Efficiency and Cost-Effectiveness: GenOps promotes operational efficiency by streamlining the management of generative models. This consolidation leads to a reduction in overlapping tasks and resources, thus offering a cost-effective solution. The unified approach of GenOps mitigates the need for multiple platforms and the associated overhead, leading to a more economical deployment and maintenance of AI models.

Enhanced Performance Optimization: GenOps facilitates a more nuanced approach to performance optimization across different model types. It allows for the fine-tuning of models based on their specific domains, and benchmarking and monitoring of model performance whether it be accuracy tested against language model benchmarks like HELM and EleutherAI’s test harness for LLMs or resolution and quality assessment for diffusion-based image models. This tailored optimization is key to achieving high-performance outputs in generative AI applications, a feature that is limited in scope under LLMOps.

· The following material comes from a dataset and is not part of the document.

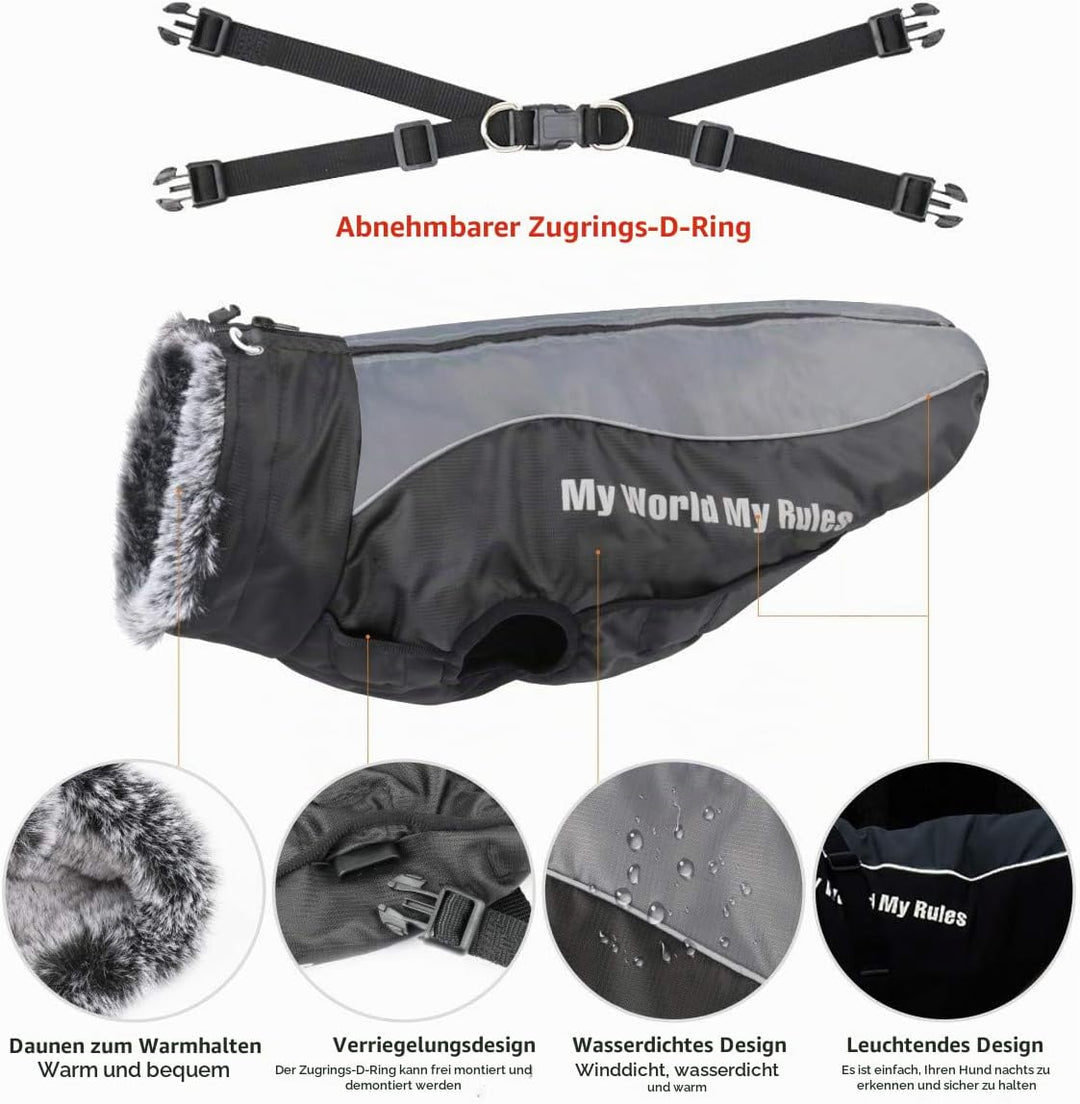 Idepet Hund Mantel Warme Jacke, Reflektierender Haustier-Schneeanzug Sport im Freien wasserdichte Hu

Resource Allocation and Expertise Utilization: The comprehensive nature of GenOps ensures a more efficient allocation of resources and expertise incorporated into a single unified framework. It centralizes the expertise required for managing various generative AI models, thereby optimizing the use of specialized skills and knowledge. This centralization is especially beneficial for organizations as it negates the need for multiple teams with different skill sets for different types of AI models, leading to better resource utilization and knowledge sharing. The more centralized nature also allows organizations to centrally administer their generative AI systems and develop APIs to expose functionality to their other enterprise systems and to developers.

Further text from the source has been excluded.